→ TASK PROMPT
Write out each record below exactly, but not the pictures.

→ PROVIDED INFORMATION
───

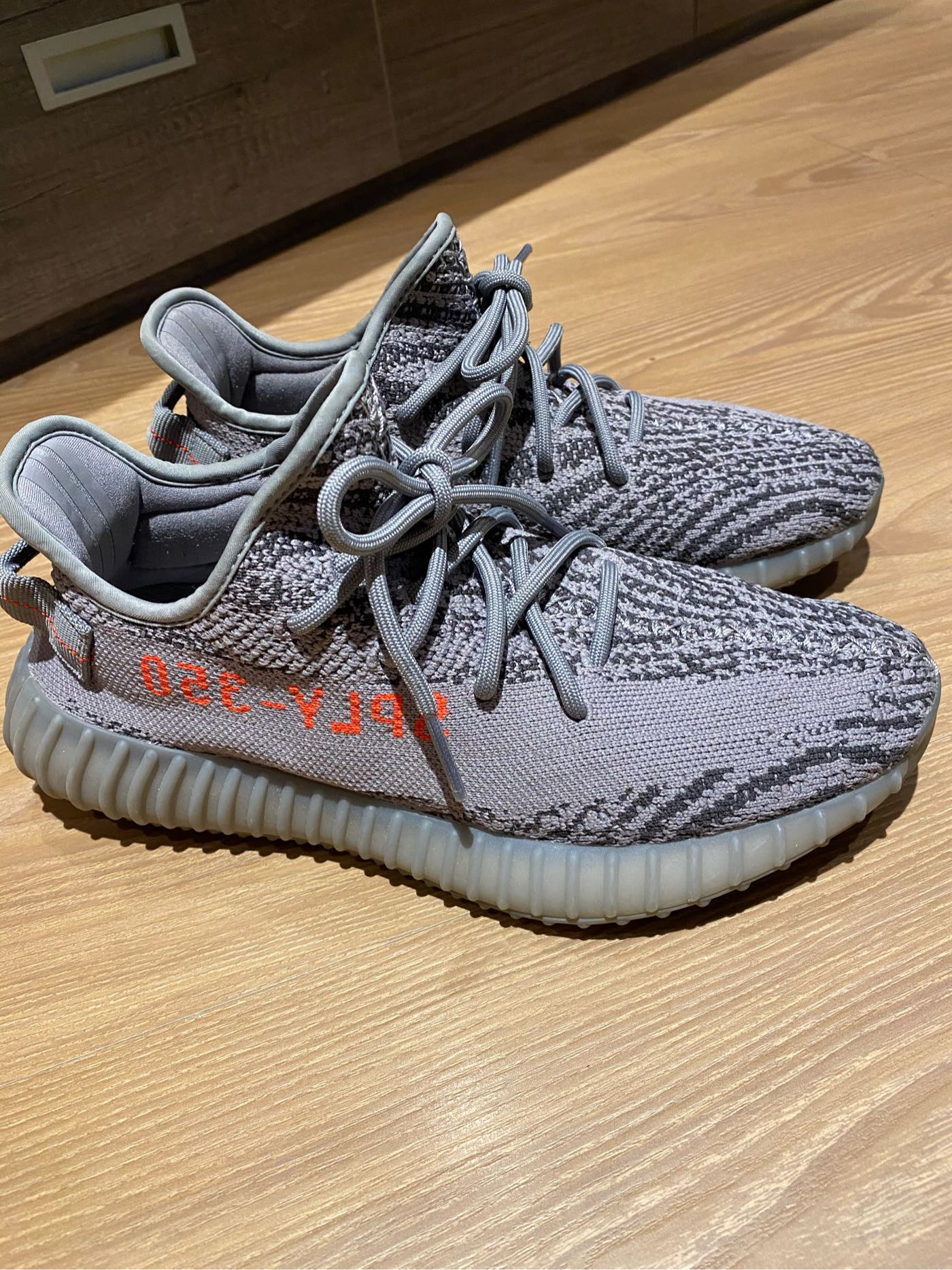 二手adidas YEEZY BOOST 350 V2 BELUGA 2.0 鐵灰橘紅灰斑馬尺寸US8.5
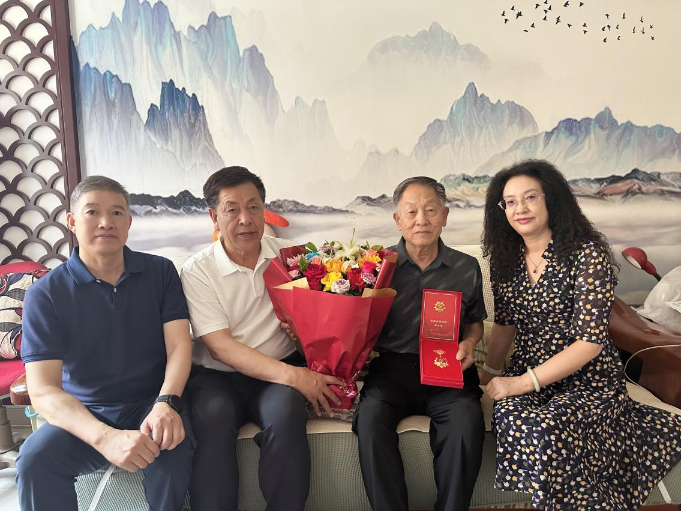 1751593900616098162.png auto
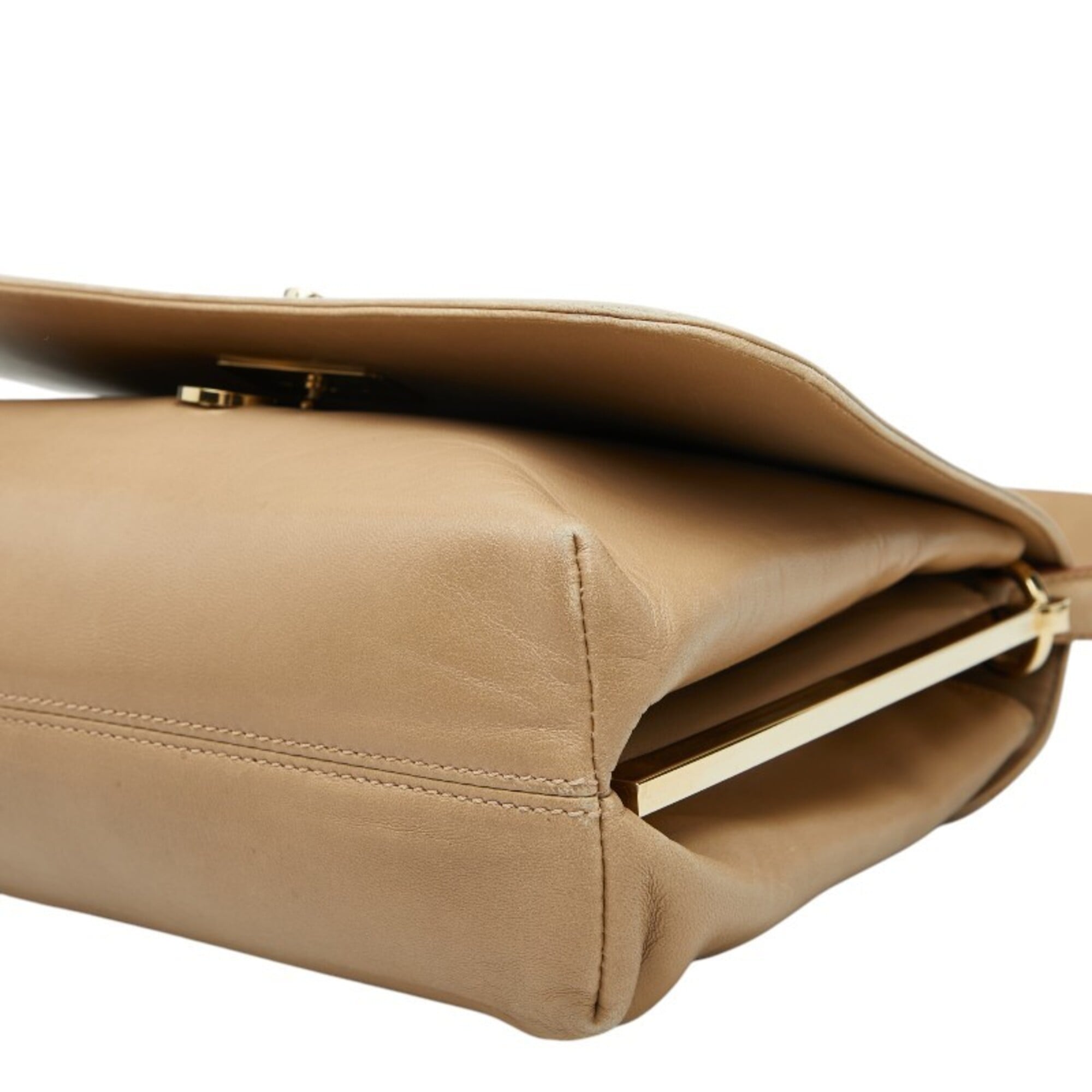 Salvatore Ferragamo Beige Leather Shoulder Bag (Pre-Owned)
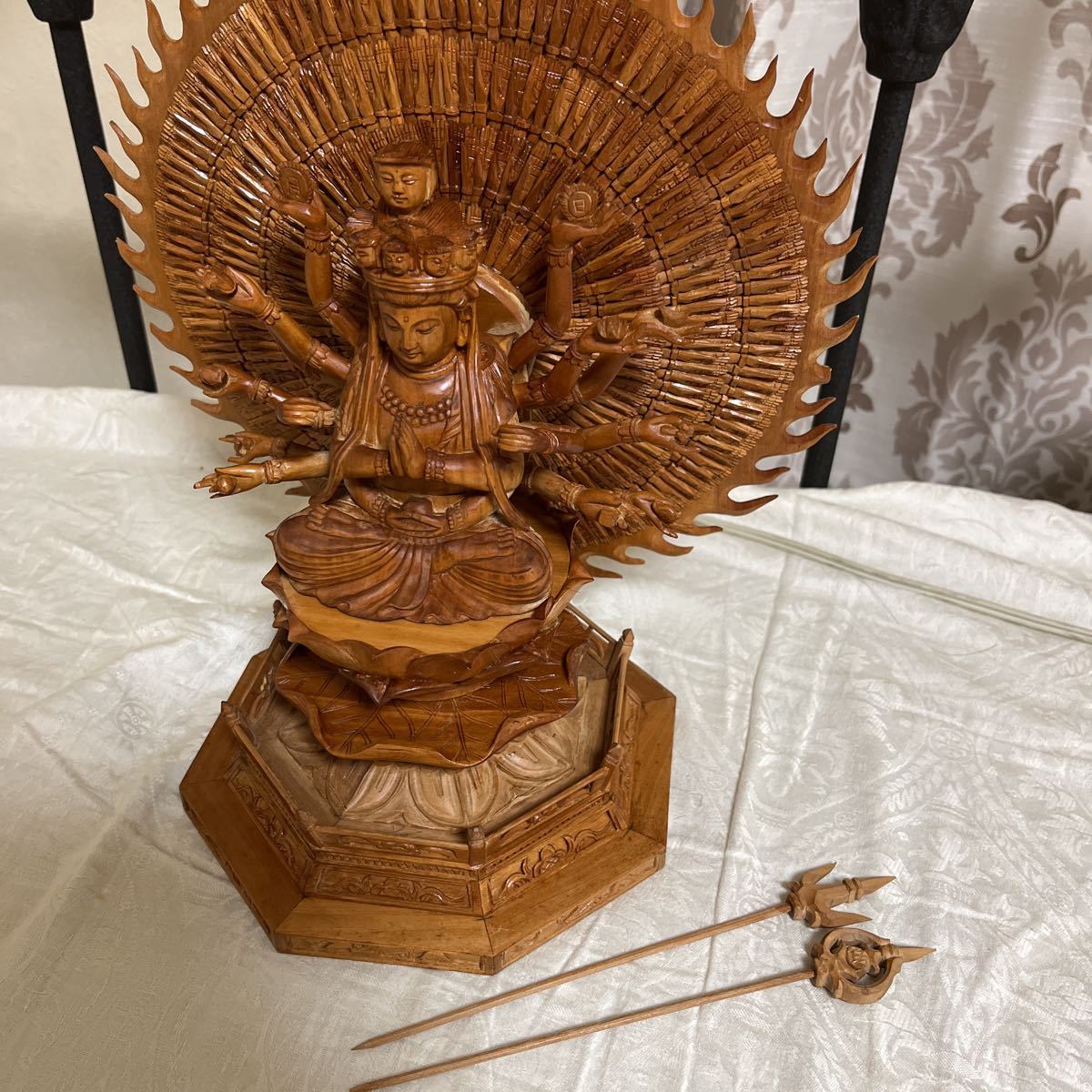 選べる配送時期 仏教美術 香木 白檀彫刻 観音菩薩像 仏像 置物 V R5122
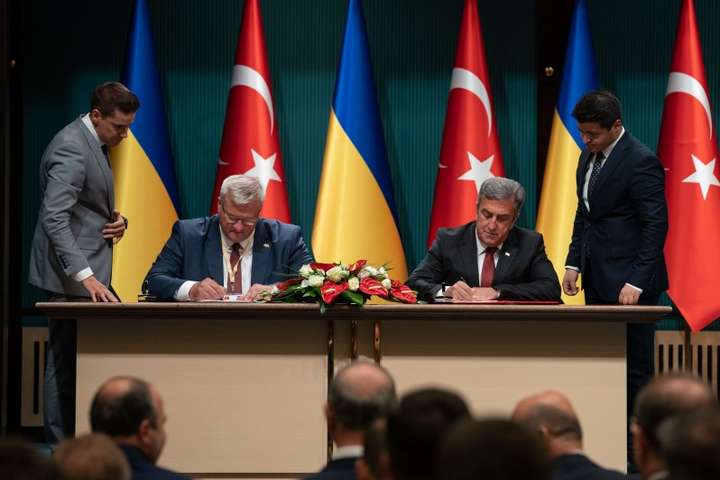 Україна і Туреччина підписали протокол про спільне використання й вивчення космосу
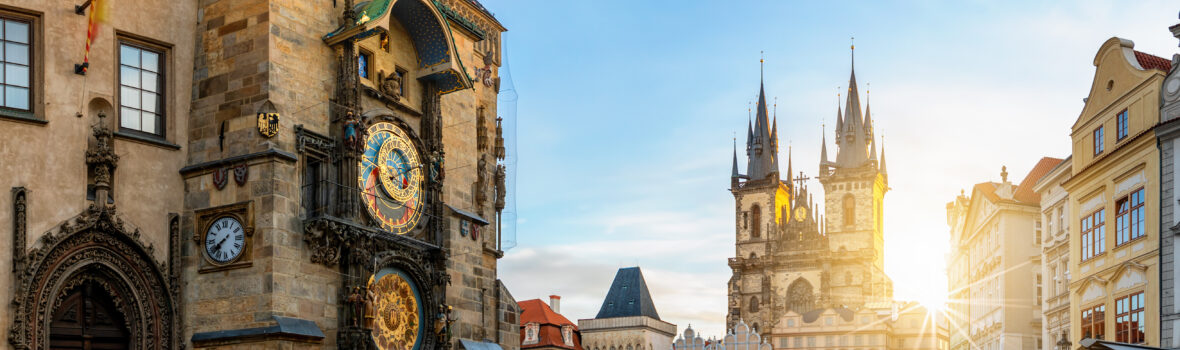 Adobe Stock 297127403 Prag Kirche Uhr moofushi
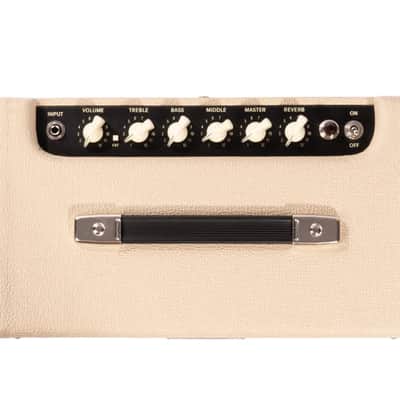 Fender Blues Junior IV FSR Limited Edition 15-Watt 1x12" Guitar Combo 2024 - Blonde Nubtex image 4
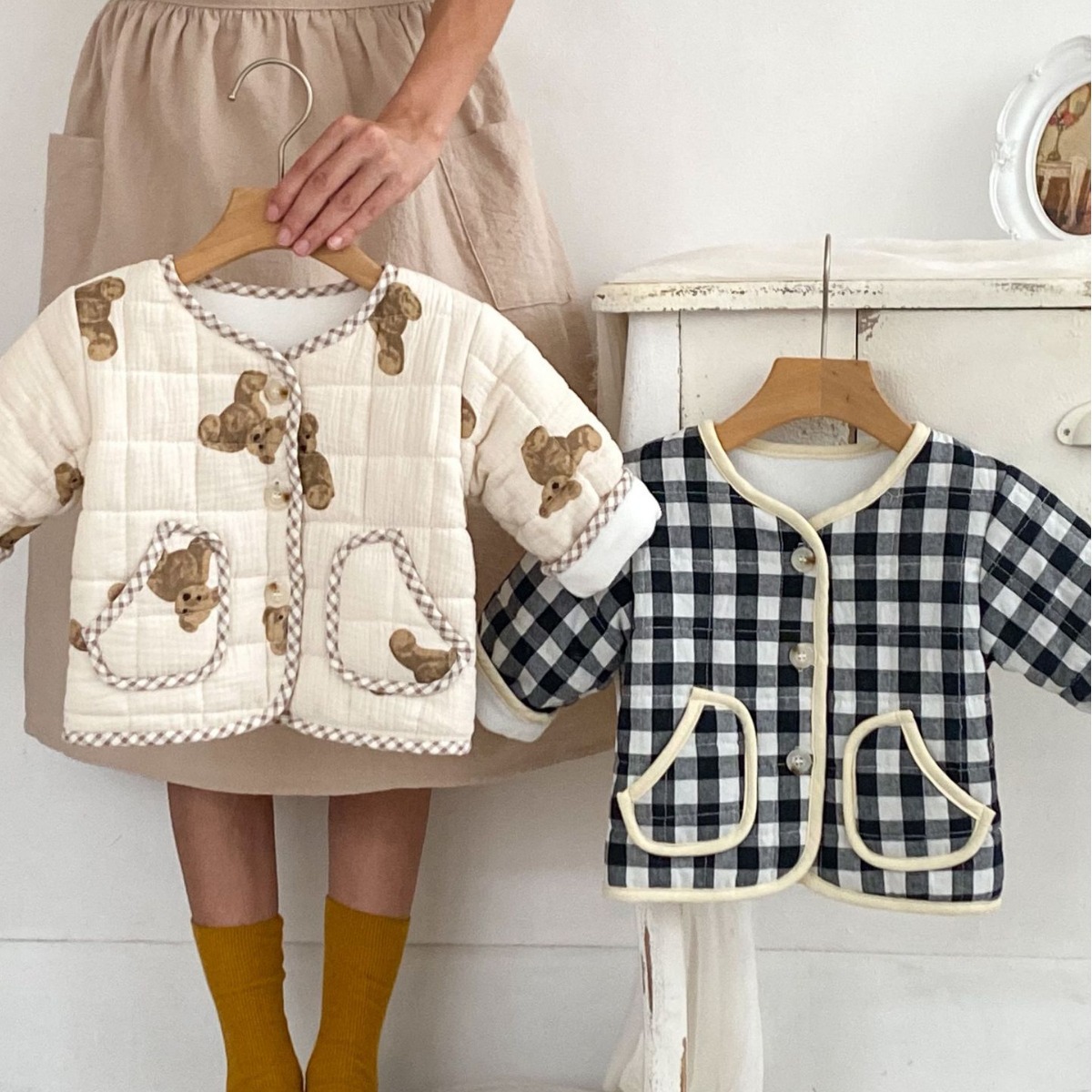 2023 Otoño e Invierno Nuevo bebé Chaqueta acolchada de algodón para niños engrosada Chaqueta acolchada de algodón a cuadros chaqueta acolchada de algodón cálido invierno Abrigo acolchado de algodón para hombres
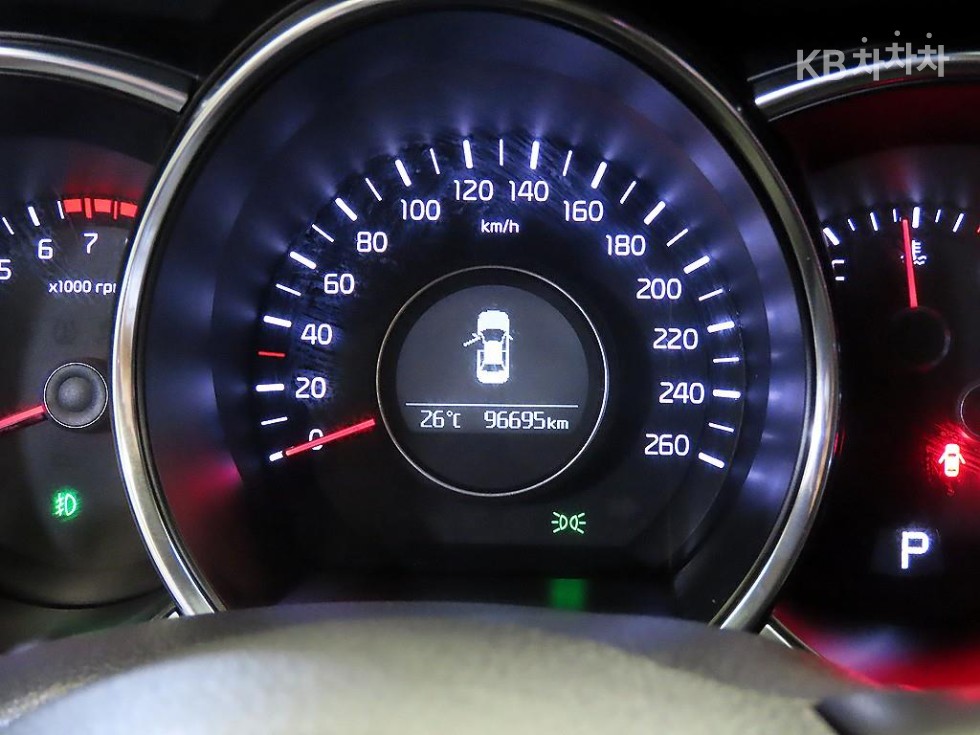 Kia K5 — miniaturë 9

───

→ FINISHED EXERCISE
 二手adidas YEEZY BOOST 350 V2 BELUGA 2.0 鐵灰橘紅灰斑馬尺寸US8.5
 1751593900616098162.png auto
 Salvatore Ferragamo Beige Leather Shoulder Bag (Pre-Owned)
 選べる配送時期 仏教美術 香木 白檀彫刻 観音菩薩像 仏像 置物 V R5122
 Україна і Туреччина підписали протокол про спільне використання й вивчення космосу
 Adobe Stock 297127403 Prag Kirche Uhr moofushi
 Fender Blues Junior IV FSR Limited Edition 15-Watt 1x12" Guitar Combo 2024 - Blonde Nubtex image 4
 2023 Otoño e Invierno Nuevo bebé Chaqueta acolchada de algodón para niños engrosada Chaqueta acolchada de algodón a cuadros chaqueta acolchada de algodón cálido invierno Abrigo acolchado de algodón para hombres
 Kia K5 — miniaturë 9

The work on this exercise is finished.